Mechanical Search and Visuomotor Mechanical Search
The ICRA 2019 paper formalizes mechanical search as the task of retrieving a specific target object from an environment containing a variety of objects within a time limit. They frame the general problem using the Markov Decision Process (MDP) framework, with the usual states, actions, transitions, rewards, and so on. They consider a specific instantiation of the mechanical search MDP as follows:
- They consider heaps of 10-20 objects at the start.
- The target object to extract is specified by a set of $k$ overhead RGB images.
- The observations at each time step (which a policy would consume as input) are RGB-D, where the extra depth component can enable better segmentation.
- The methods they use do not use any reward signal.
- They enable three action primitives: (a) push, (b) suction, and (c) grasp.
The push action is there so that the robot can rearrange the scene for better suction and grasp actions, which are the primitives that actually enable the robot to retrieve the target object (or distractor objects, for that matter). While more complex action primitives might be useful for mechanical search, this would introduce complexities due to the curse of dimensionality.

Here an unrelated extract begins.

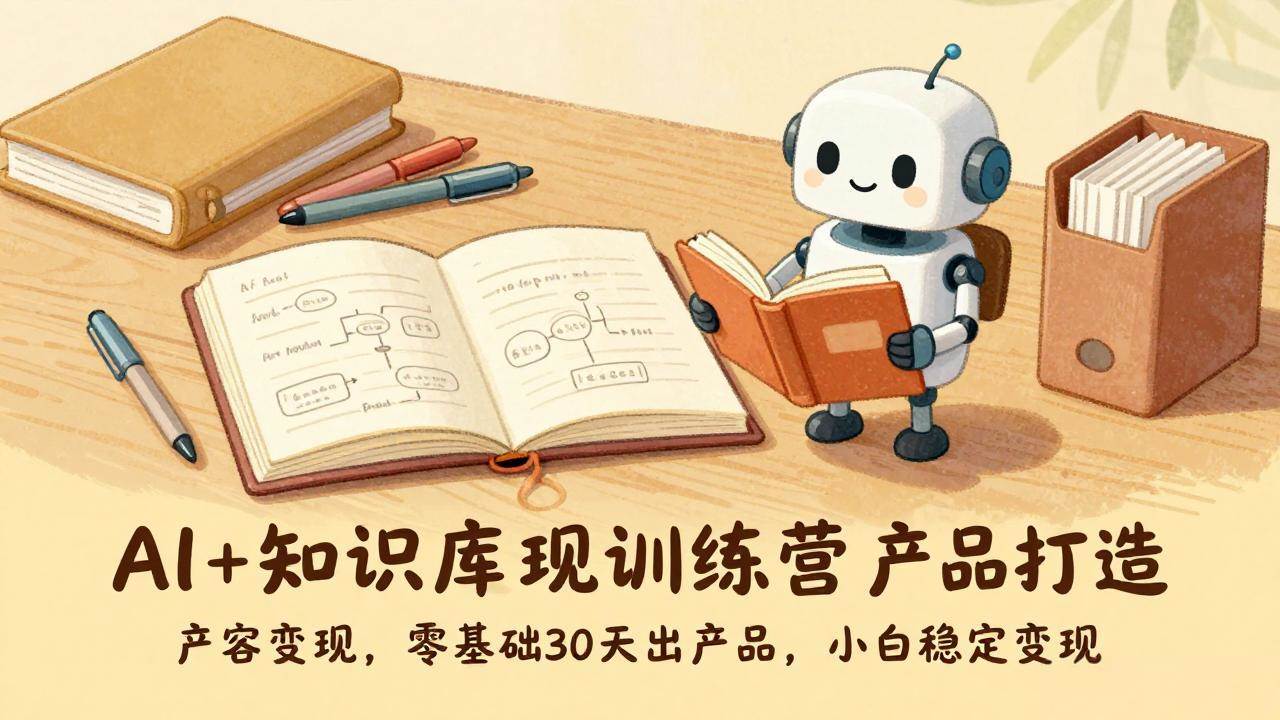 AI+知识库变现训练营，产品打造、内容创作、全平台变现，零基础30天出产品，小白稳定变现-宇文网创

Here’s the helpful overview figure from the paper (with the caption) showing their instantiation of mechanical search:
I like these type of figures, and they are standard for papers we write in Ken Goldberg’s lab.
The pipeline is split up into a perception stage and a search policy stage. The perception stage first computes a set of object masks from the input RGB-D observation. It then uses a trained Siamese Network to check the “similarity” between any of these masks, and those of the target images. (Remember, in their formulation, we assume $k$ separate images that specify the target, so we can feed all combinations of each target image with each of the computed masks.) If a target image is found, then they can run the search policy to select one of the three allowed action primitives, depending on the action primitive with the highest “score.” How is this value chosen? We can use off-the-shelf Dex-Net policies to compute the probability of action successes. Please refer to my earlier blog post here about Dex-Net.
Here are a couple of things that might not be clear upon a first read of the paper:
- There’s a difference between how action qualities are computed in simulation versus real. In simulation, grasp and suction actions both use indexed grasps from a simulated Dex-Net 1.0 policy in simulation, which is easy to use as it avoids having to run segmentation. In addition, Dex-Net 1.0 literally contains a dataset of simulated objects plus successful grasps for each object, so we can cycle through those as needed.
- In real, however, we don’t have easy access to this information. Fortunately, for grasp and suction actions, we have ready-made policies from Dex-Net 2.0 and Dex-Net 3.0, respectively. We could use them in simulation as well, it’s just not necessary.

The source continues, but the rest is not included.